Jared Newton, Senior Technology Strategist at Planet Federal, noted there have been a few “strenuous requirements” communicated in the CASR readiness posture. “That’s not to say they’re not important,” he continued. “But in the face of a catastrophic event when the alternative is use nothing, I’d suspect that probably some of those requirements become less important if you’re faced with not having the capability at all.”

Space Systems Command reflected that sentiment in its 2023 pivot to a “buy what we can, build what we must” acquisition model. In his interview with Constellations, Kniseley said COMSO was working to limit the potential burden of CASR requirements.

“We want them to succeed,” he said of industry stakeholders. “And the best way to do that is to also make sure that our requirements don’t stifle commercial companies.”

Part of that, Kniseley continued, will be the ongoing work of bringing commercial technologies into defense architectures and specifically looking at areas where government can “adopt commercial standards … to make them easily integrated.”

What’s the Incentive When All of Space Becomes Contested?
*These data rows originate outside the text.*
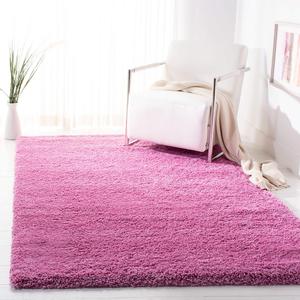 Ковер SAFAVIEH, 201 x 201 см, Santa Monica Shag Collection - квадратный, Pink, сплошной дизайн, без линьки и простой в уходе, идеален для помещений с высокой проходимостью в гостиной, спальне (SGN725-3232)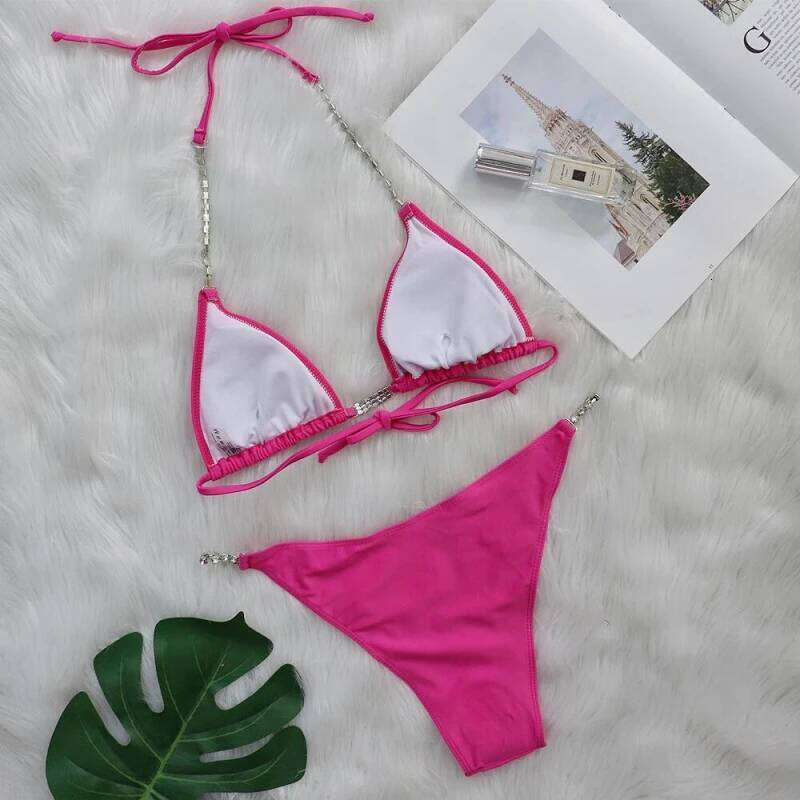 Sexy crystal diamond chain two-piece WOMEN'S solid color tie swimsuit bikini Z260206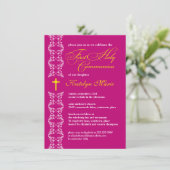 Invitation Première sainte communion baroque Fuchsia Strip (Debout devant)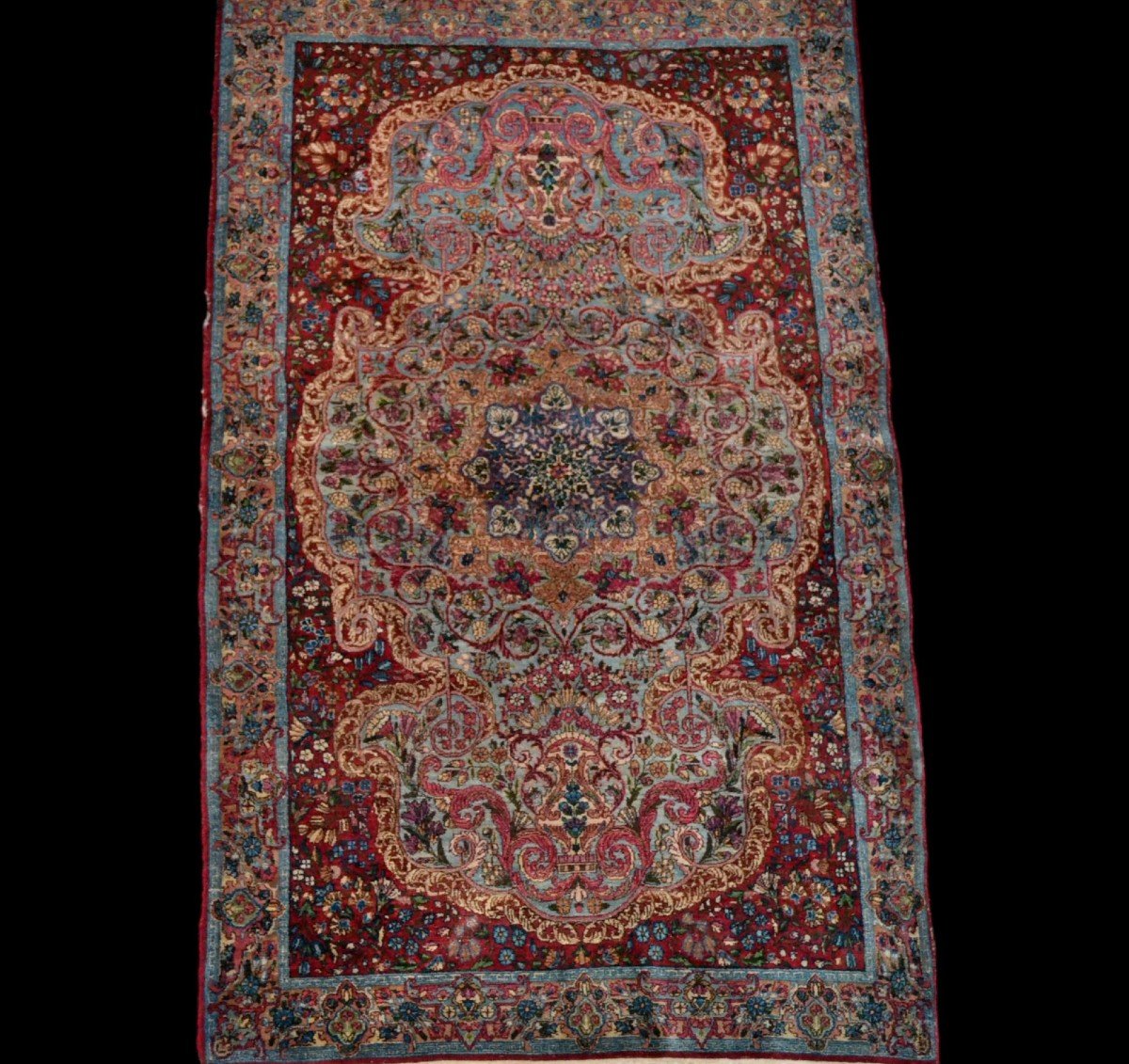 Tapis Persan Kirman ancien, 1880, Iran, 122 cm x 195 cm, laine nouée main fin du XIXème Siècle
Early discussions of CASR originally leaned on comparisons to the Civil Reserve Air Fleet (CRAF). While there are useful programmatic similarities, the analogy broke down fairly quickly when looking at the nature of conflict in space. Fundamentally, the risk to a CASR company is not limited to a particular area of responsibility (AOR), nor is the effect of an attack, be it kinetic, cyber or electronic warfare. “Space is different because those capabilities are over a contested AOR at any given point and the danger is there,” Kniseley said. “It’s just a known thing of doing business that you are going to pass over an AOR.”

To address the inherent risk, SSC has outlined several incentives, including access to wargames and exercises, high-level threat sharing and longer duration contracts—in the case of the SDA pilot, the contracts were originally envisioned as month-to-month but extended to three months. It has also determined that it will not publicly name companies that receive CASR contracts, though those companies can self-identify.

Paid pilot programs, such as the recently announced SDA pilot, can also send a strong signal to industry. However, there are concerns about the gap between a paid pilot and actually contracting for commercial capabilities that can be brought online.

Greg Caicedo, Vice President of SDA and Space Superiority at Kratos, noted the incentives needed by industry are “no-kidding contracts and long-term contracts” that fit a commercial business model.

“Having commercial capabilities and incentivizing us to be innovative within our respective organizations is an important element to making this thing work,” he said of CASR. “If it’s just done as a one-off contract, then it will never be implemented the way the expectation is. We as business entities need to be incentivized.”

As the program evolves and new frameworks are developed, SSC is still navigating sticky issues like indemnification and “denial of service” language that would prohibit industry from selling or providing services to certain customers during certain CASR conditions.